---- Provided material
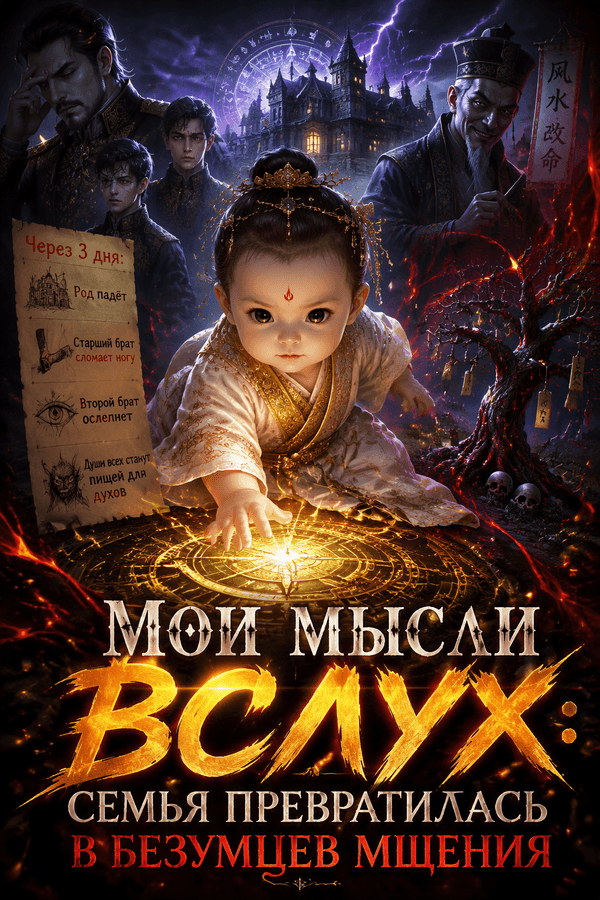 Мои мысли вслух: семья превратилась в безумцев мщения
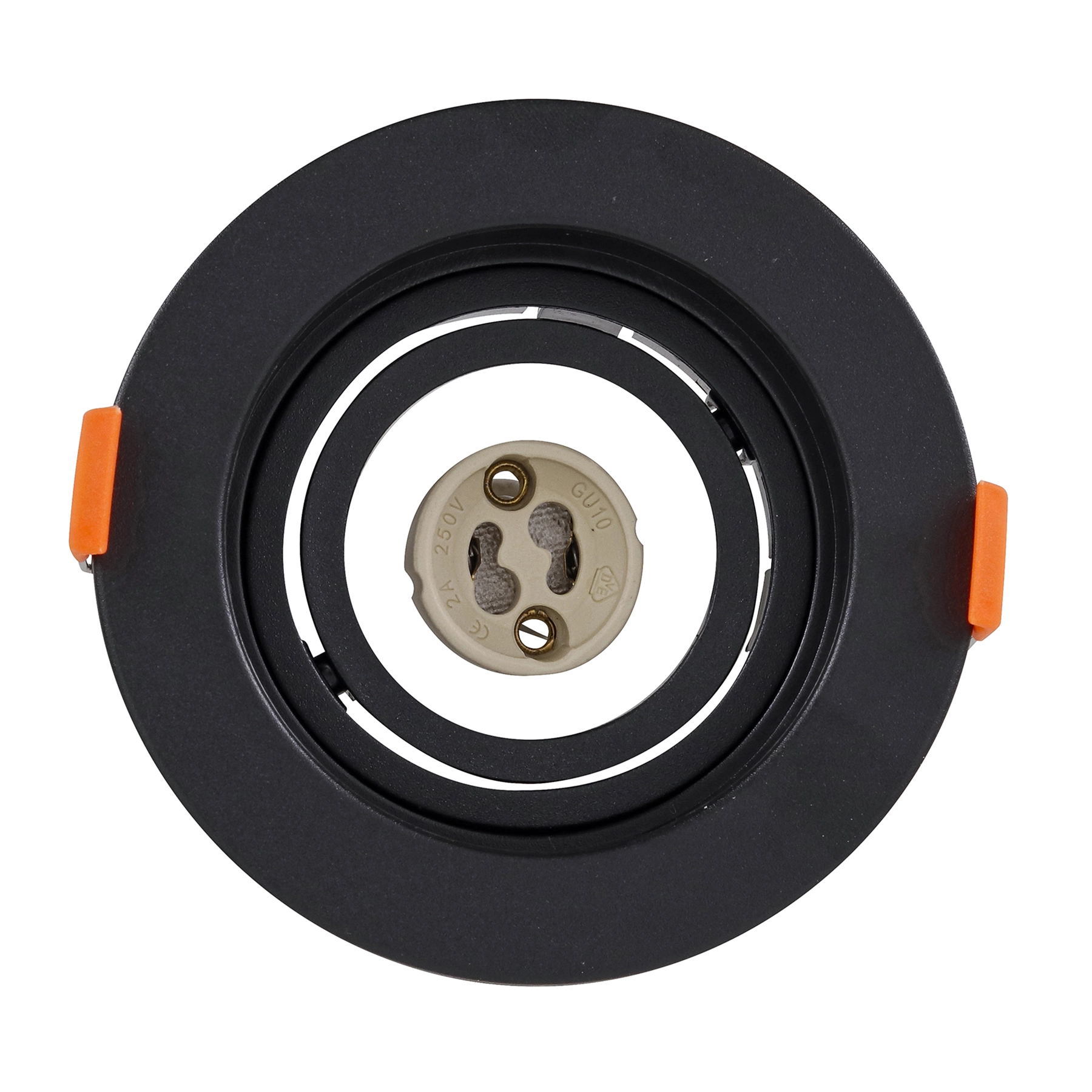 Spot de Embutir Redondo MR16 Preto Black & Decker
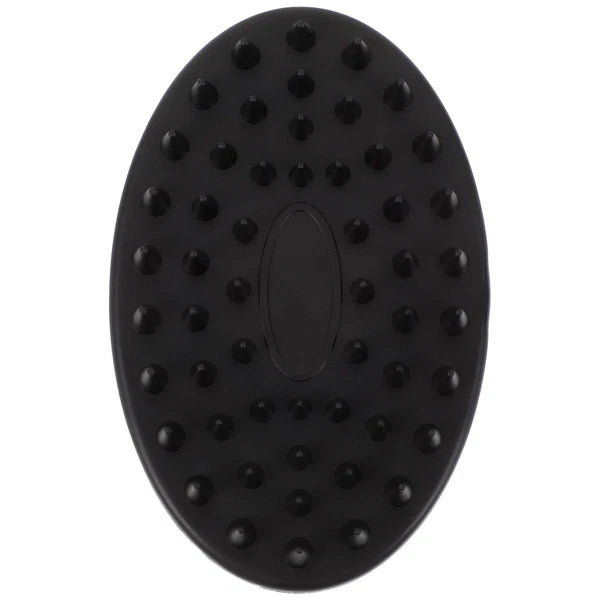 Double-sided Baby Shower Brush Silicone Body Scrubber Bath Massage Brush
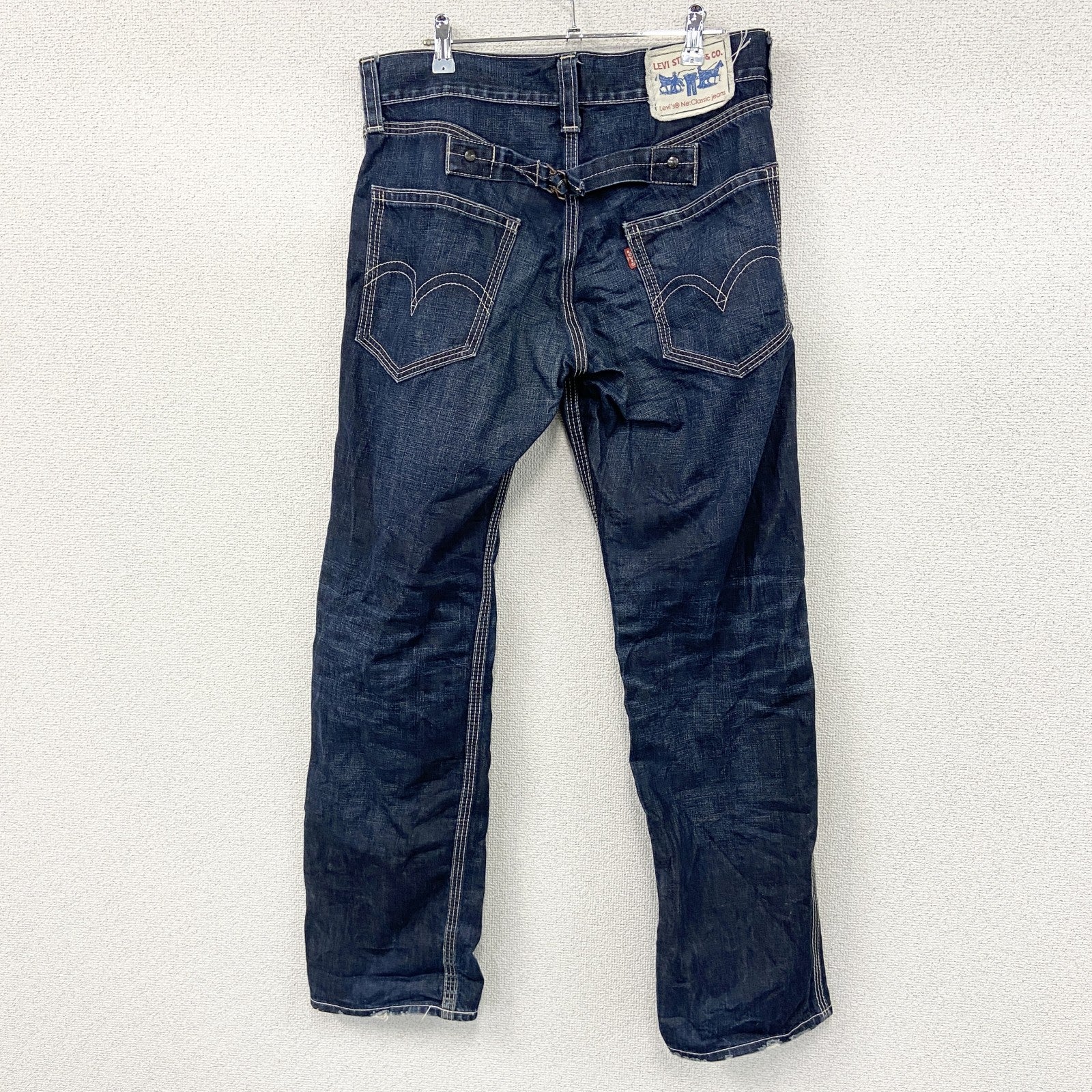 Levi's　リーバイス　デニムパンツ/ジーンズ　ジップフライ　縦落ち　インディゴ　W31サイズ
--------
# Assignment
Reproduce the listing exactly. Leave its pictures out.

# Expected answer
 Мои мысли вслух: семья превратилась в безумцев мщения
 Spot de Embutir Redondo MR16 Preto Black & Decker
 Double-sided Baby Shower Brush Silicone Body Scrubber Bath Massage Brush
 Levi's　リーバイス　デニムパンツ/ジーンズ　ジップフライ　縦落ち　インディゴ　W31サイズ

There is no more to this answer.